The transaction lifecycle (the core of Correctness)

One logical send = up to maxAttempts blockhash epochs:

Sign once per epoch, submit with maxRetries: 0; a Blockhash not found preflight from a lagging node is retried (bounded), every other node answer surfaces verbatim as RpcSubmitError (code, message, simulation logs). One exception is a success in disguise: already been processed means the ledger HAS these bytes — the signature is derived locally from the wire (signatureOfWire, the node's error body doesn't carry it) and confirmed like any landed transaction instead of being reported as a failure.
Poll all submitted signatures every 2s; re-broadcast the same signed bytes on the same cadence (leader rotates every ~1.6s). Rebroadcast errors are non-authoritative — the status poll is the truth.
Expiry is verified, never guessed: suspected only when block height passes lastValidBlockHeight plus a safety margin (nodes skew a few blocks apart), then confirmed by two all-null full-history sweeps over every signature this call ever submitted, separated by a grace window. A transaction that landed late is returned, not double-signed.
A timeout is terminal — TransactionTimedOutError carries all signatures so you can keep watching; re-signing on a wall-clock guess is how double-sends happen.
Lifetime is an engine parameter, not an assumption: under a durableNonce lifetime expiry semantics vanish — no expiry checks, no re-sign path, one signature by construction. The public TransactionManager ships blockhash-first; the nonce surface is a documented seam (design notes).

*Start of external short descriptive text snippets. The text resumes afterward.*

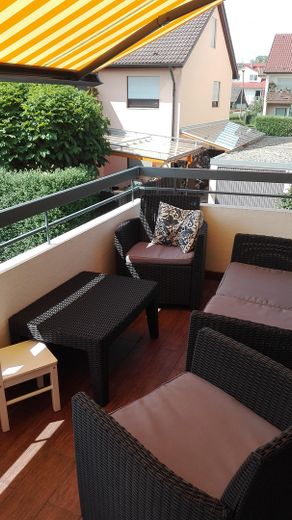 Balkon mit Markise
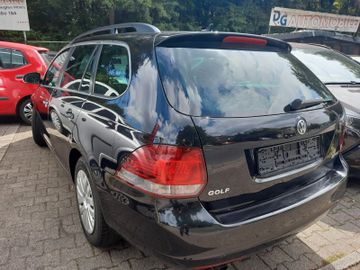Volkswagen Golf - 2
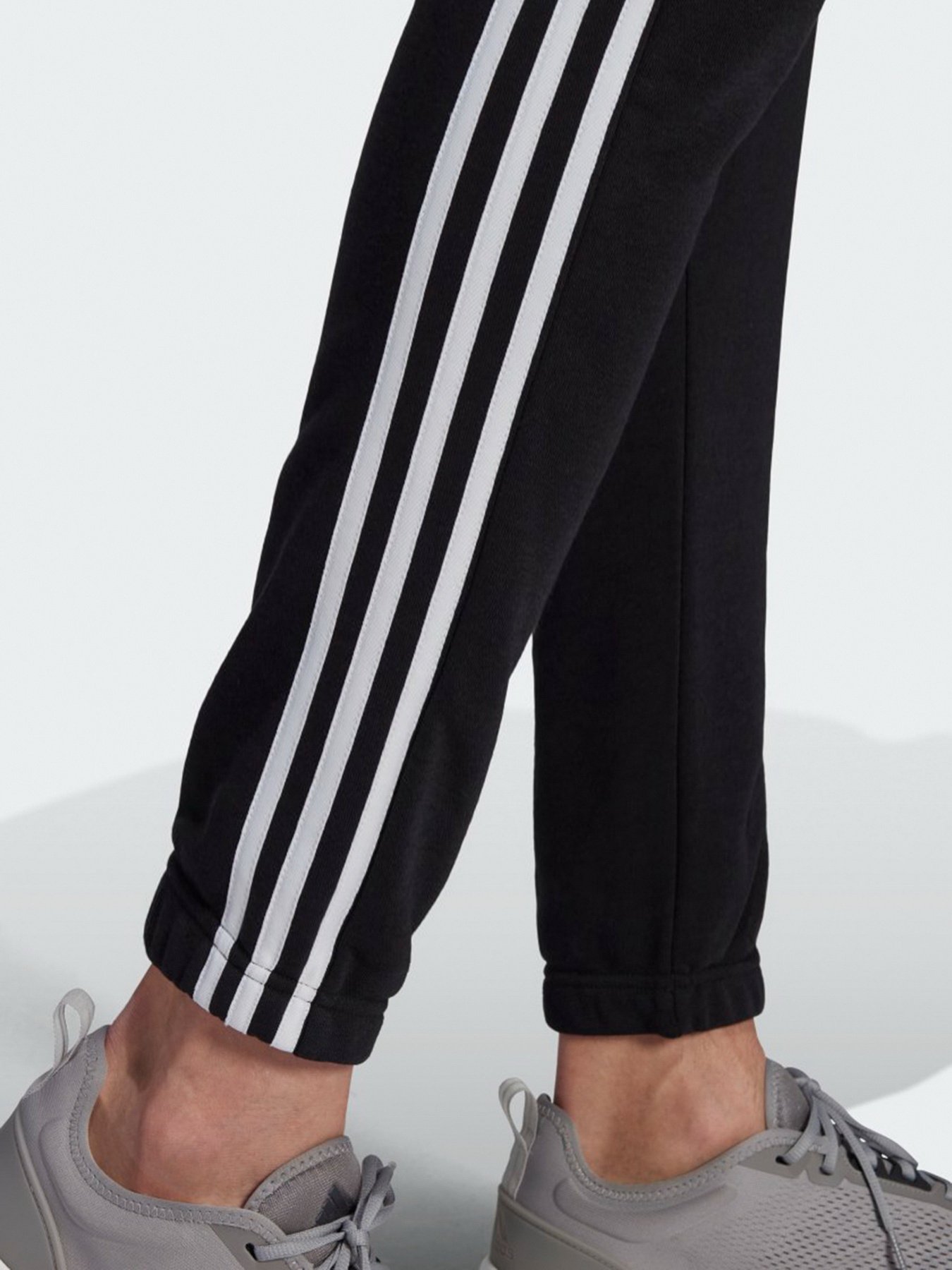 Штаны спортивные Adidas Essentials 3-Stripes модель GK8829 Фото
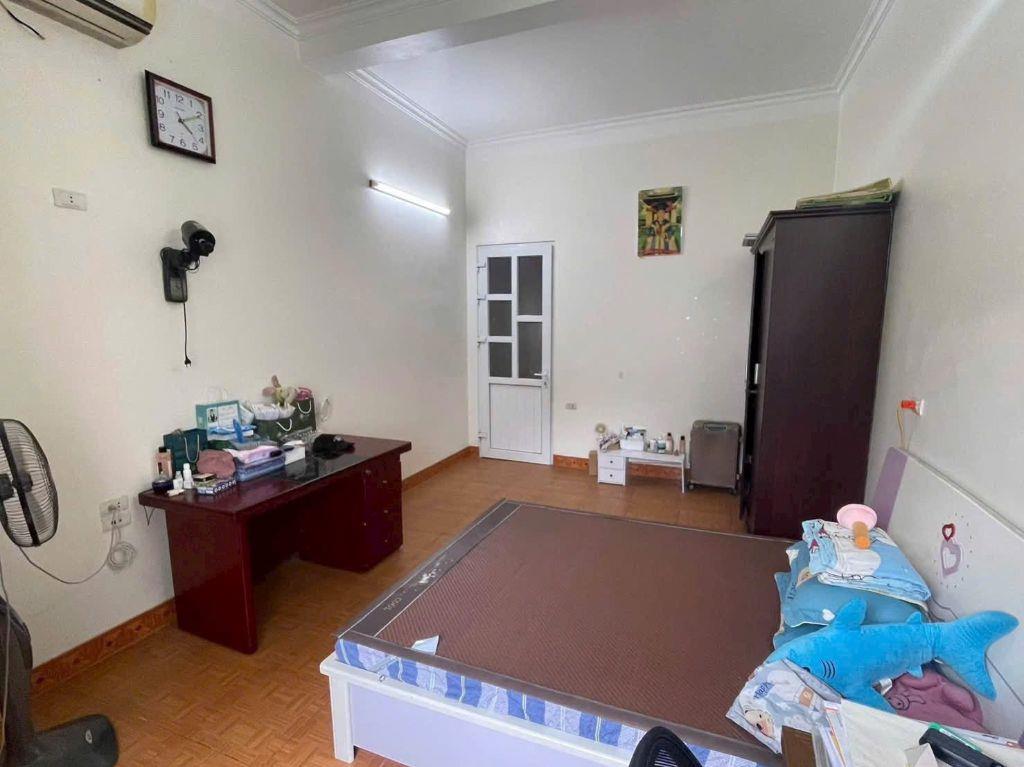 Bán nhà mặt ngõ 218 Vũ Hựu, ph Thanh Bình, TP HD, 80m2, mt 4m, 3 tầng, 3 ngủ, 2 vs, ngõ to
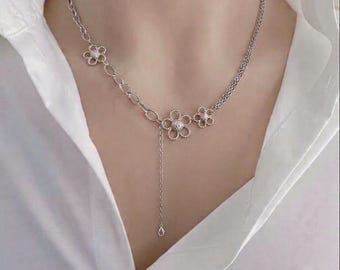 Silver Flower Lariat Necklace, Rhinestone Daisy Chain Choker, Y2K Coquette Jewelry
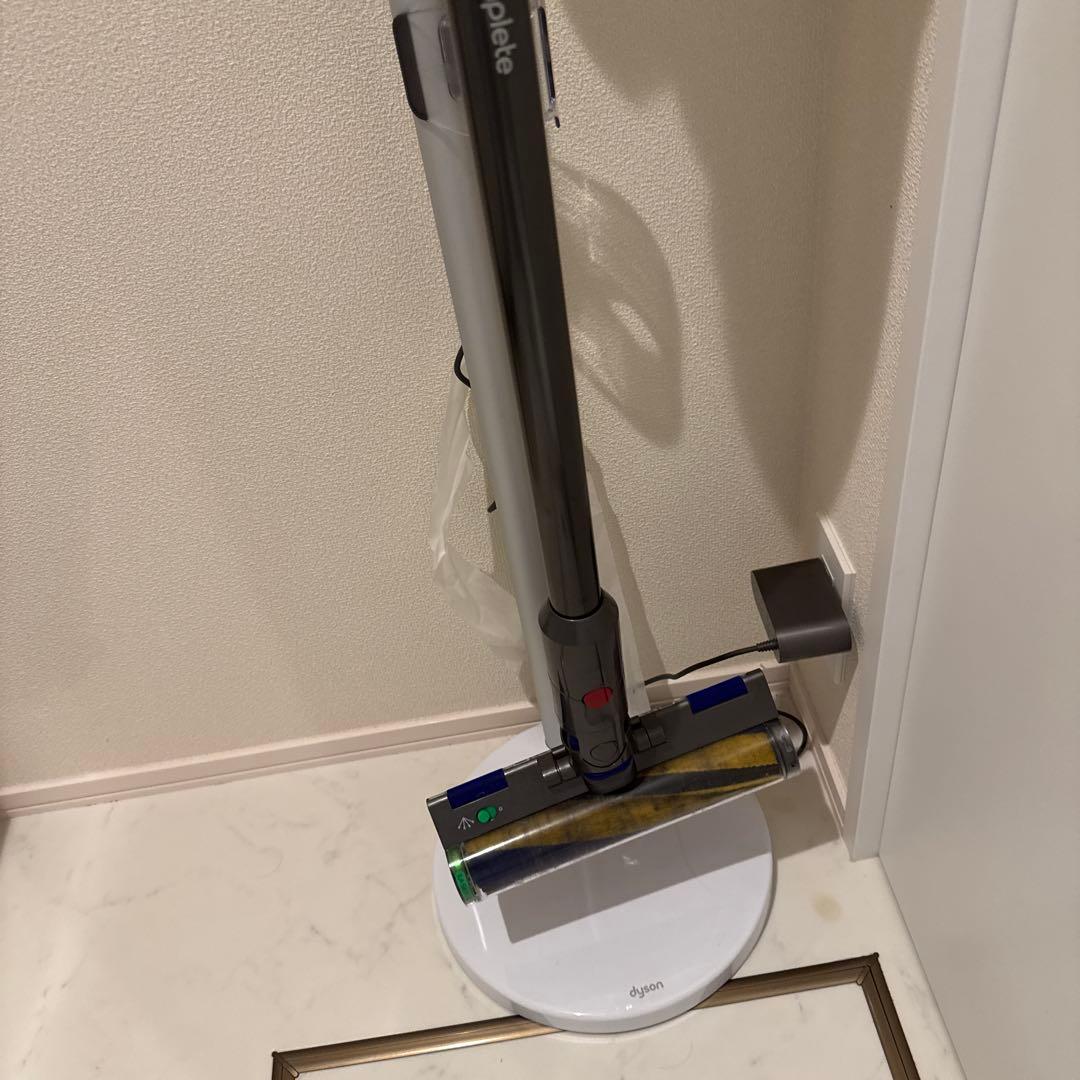 Dyson Vシリーズ 掃除機 紫・金 充電スタンド付き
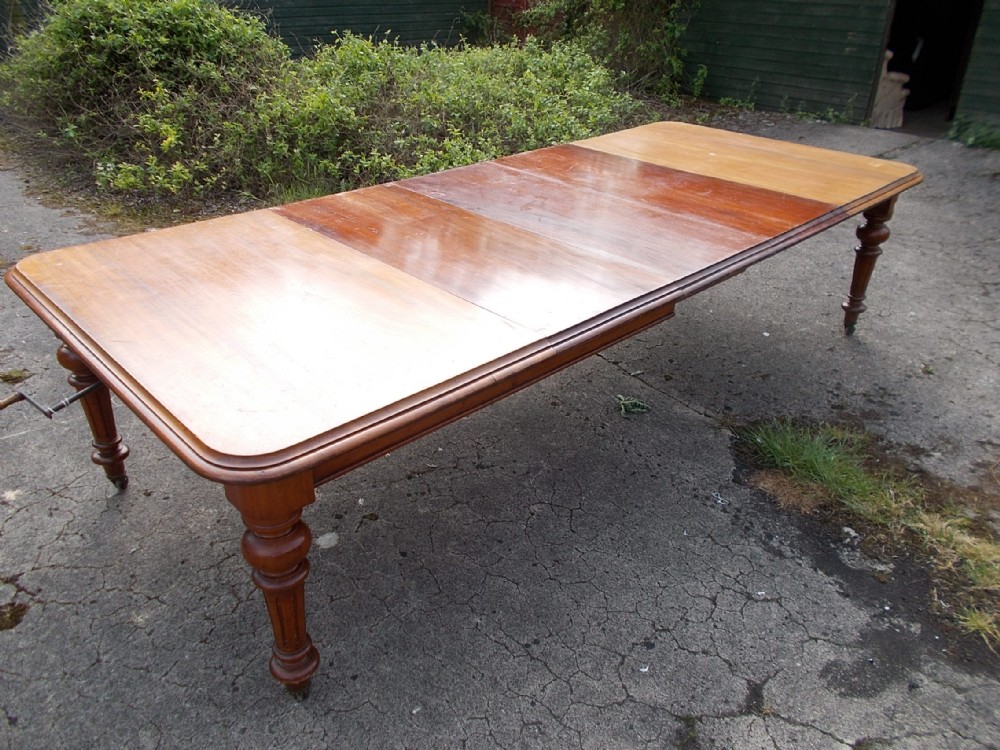 Large 19th century 3 leaf mahogany extending table
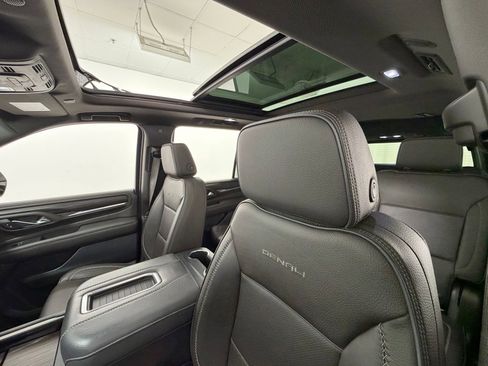 Used 2021 GMC Yukon Denali w/ Denali Premium Package AWD/4WD image 30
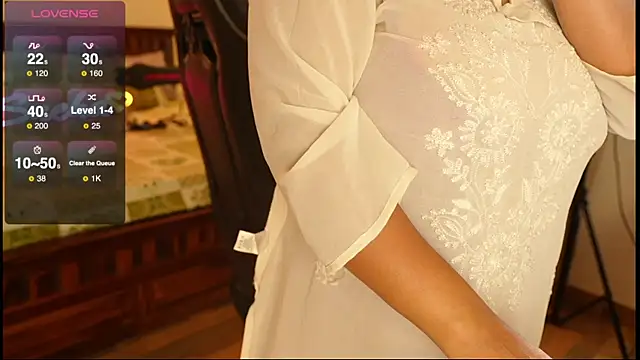 sneha hussy online show from 22, 11, 2025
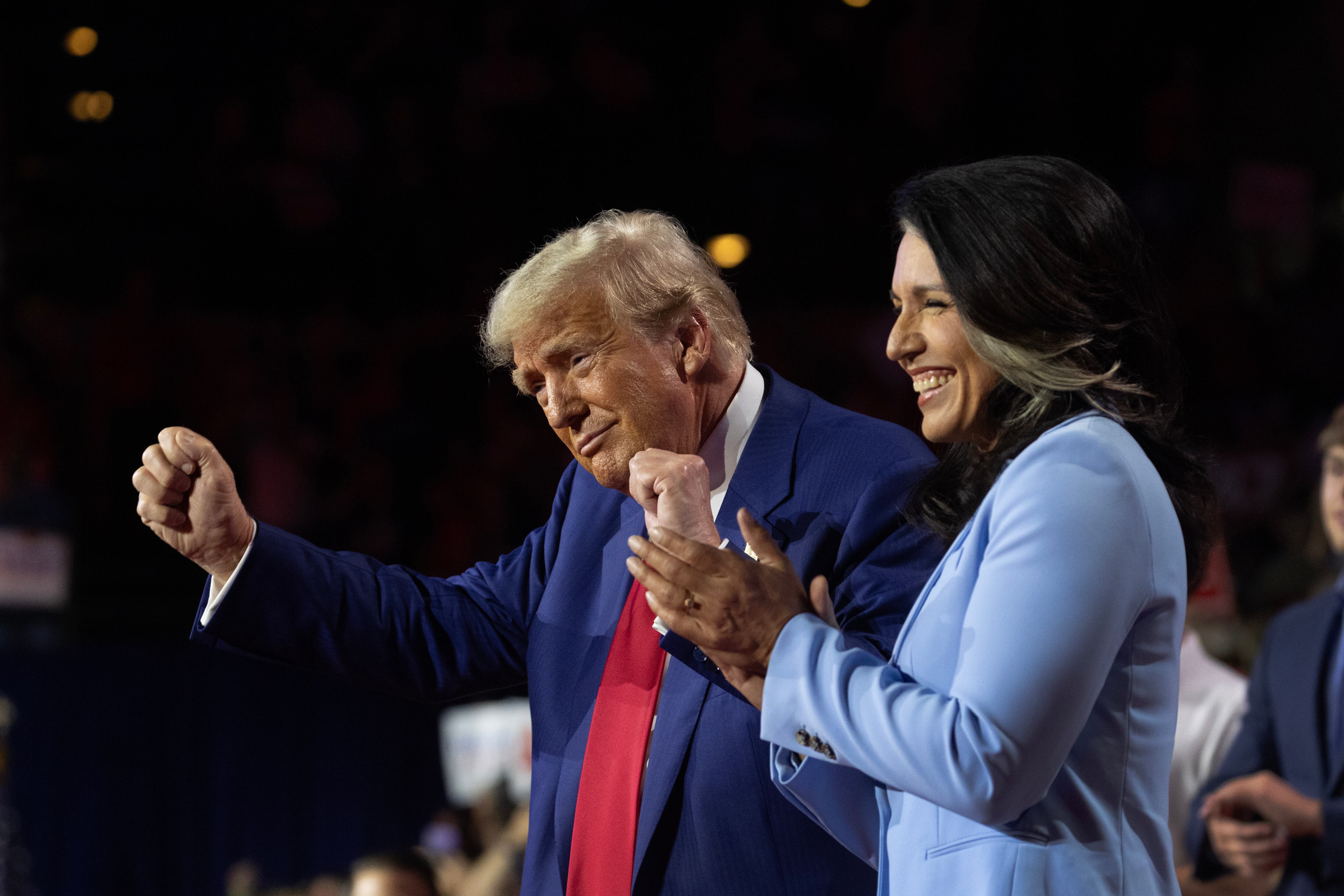 Donald Trump y Tulsi GabbardFOTO: Scott Olson/Getty Images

The same engine drives the keypair path and the wallet path — one implementation, one fuzz target. Jito bundles confirm through their own bounded polling — a separate, narrower path by design (design notes); the fuzzed invariant covers RPC and Jito-relay sends.

Health scoring & traffic distribution (the core of Resilience)

Latency — EWMA per request · Slot lag — distance behind the freshest node in the pool (a fast node serving stale state is "up" but wrong) · Error rate — windowed, with timeouts/5xx/rate-limits classified distinctly · Circuit breaker — quarantine with exponential backoff, half-open probes.
The default routing: 'weighted' draws each request's failover order by score-proportional sampling without replacement, damped by in-flight load — every healthy node carries a share, so no endpoint sees your full request rate (always hammering the single best node provokes the 429s the shield exists to avoid). routing: 'best' + per-endpoint weight gives strict paid-primary/free-backup ordering.
Caller aborts (unmount, route change) are not endpoint faults: no health penalty, no failover — three page navigations can't trip your circuit breakers.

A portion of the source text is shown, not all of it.